REQUIRED ACTION: The answer is the line with "3D pie chart" and every line after it to the end of the listing, retyped exactly. Pictures do not belong in it.

INPUT DATA:
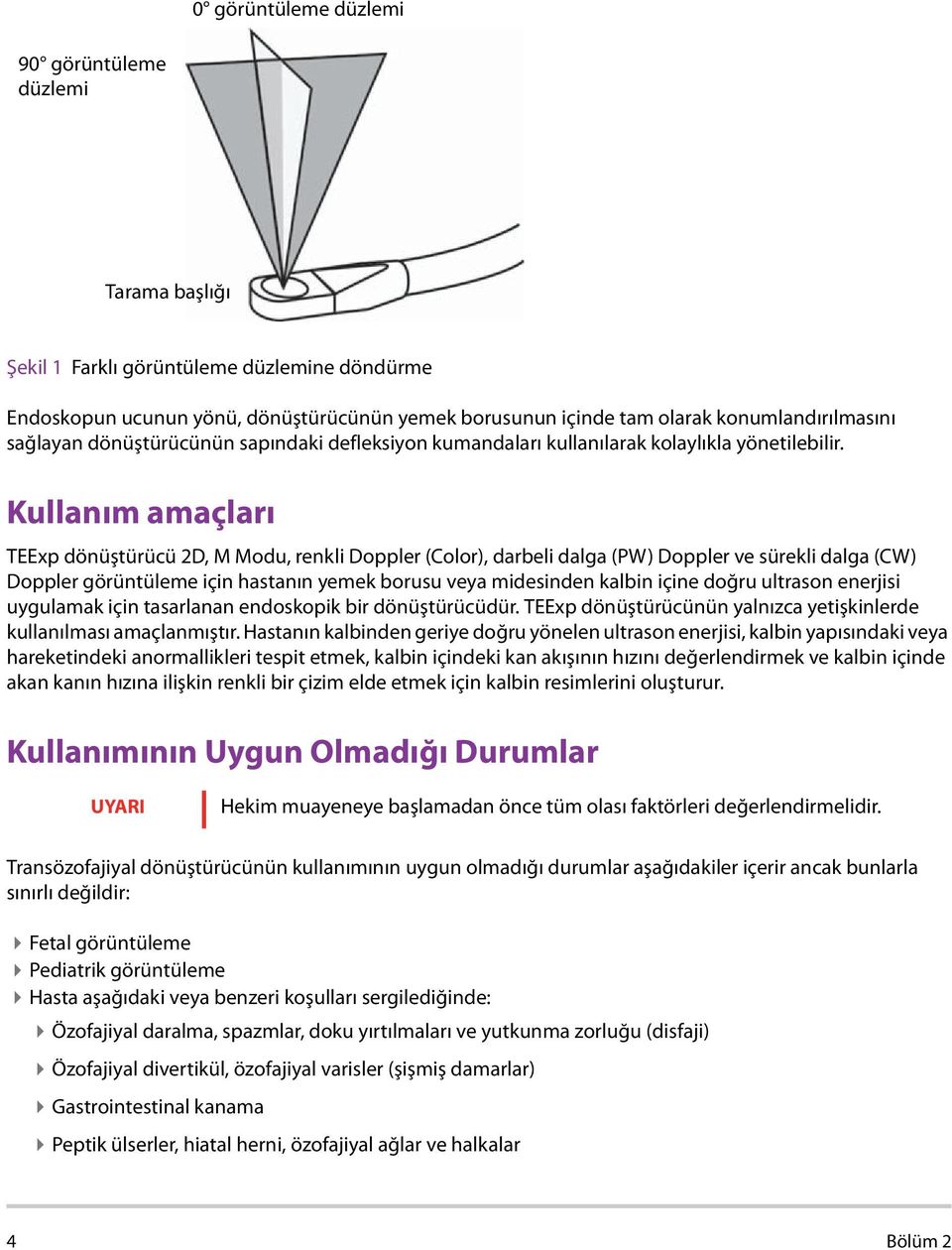 Kullanım amaçları TEExp dönüştürücü 2D, M Modu, renkli Doppler (Color), darbeli dalga (PW) Doppler ve sürekli dalga (CW) Doppler görüntüleme için hastanın yemek borusu veya midesinden kalbin içine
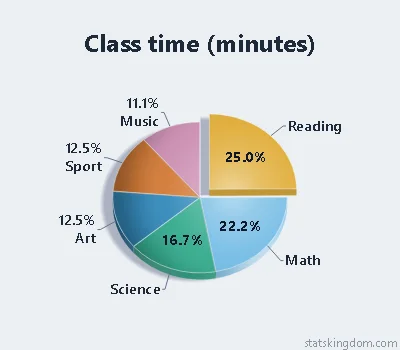 3D pie chart of class time in minutes in the Matte metal style with Color-blind safe colors, on a soft grey background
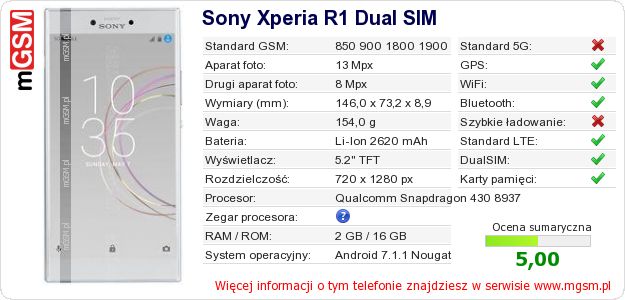 Dane telefonu Sony Xperia R1 Dual SIM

EXERCISE SOLUTION:
 3D pie chart of class time in minutes in the Matte metal style with Color-blind safe colors, on a soft grey background
 Dane telefonu Sony Xperia R1 Dual SIM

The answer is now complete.